[TASK OBJECTIVE]:
Print out the data exactly, keeping every image out of it.

[DATA SEGMENT]:
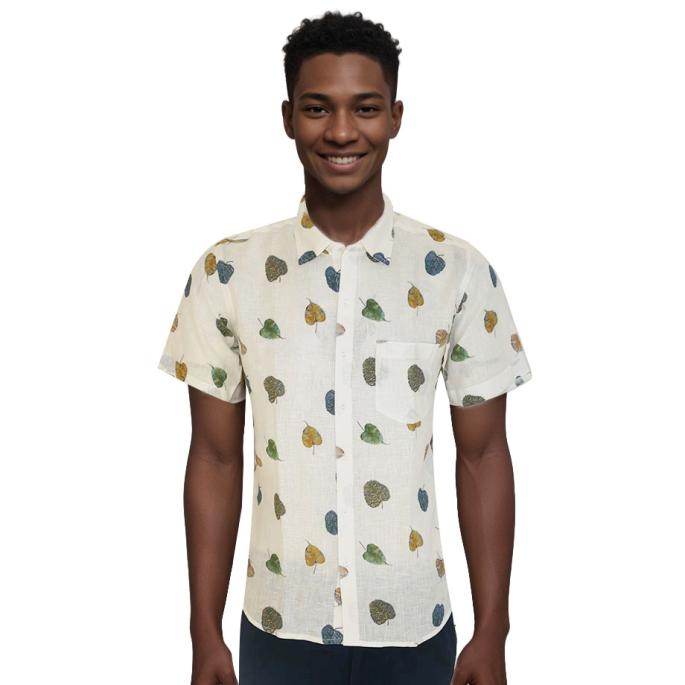 zoomimage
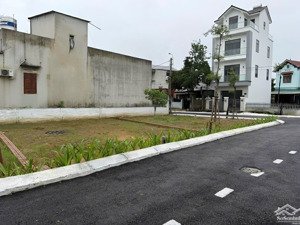 đón sóng metro 5, vành đai 5 ngay khi có thể 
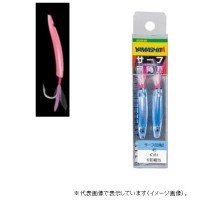 YAMASHITA Surf Yumizuno II 40 #PPH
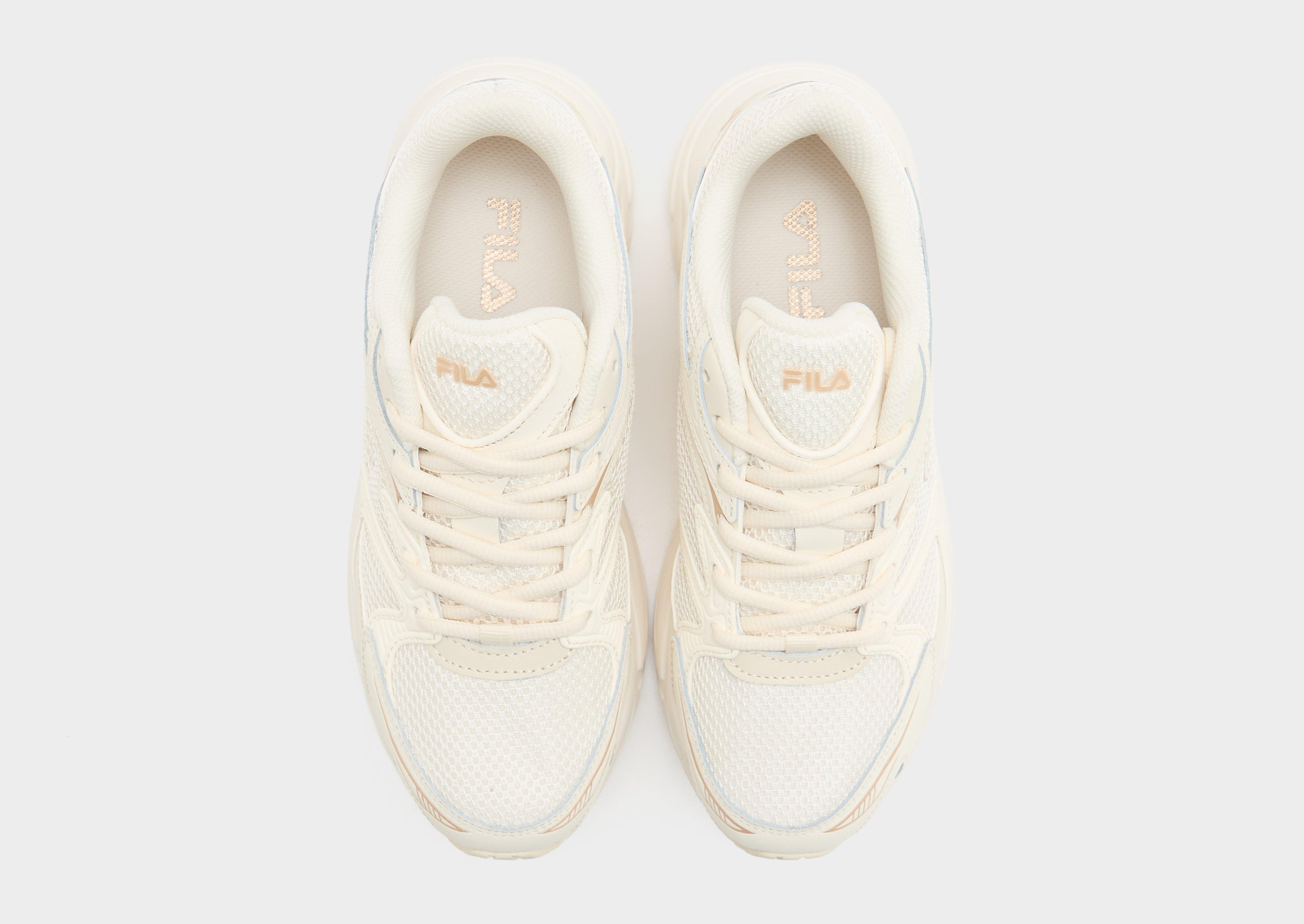 Fila Heroics II Women's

[SOLUTION TO THE EXERCISE]:
 zoomimage
 đón sóng metro 5, vành đai 5 ngay khi có thể 
 YAMASHITA Surf Yumizuno II 40 #PPH
 Fila Heroics II Women's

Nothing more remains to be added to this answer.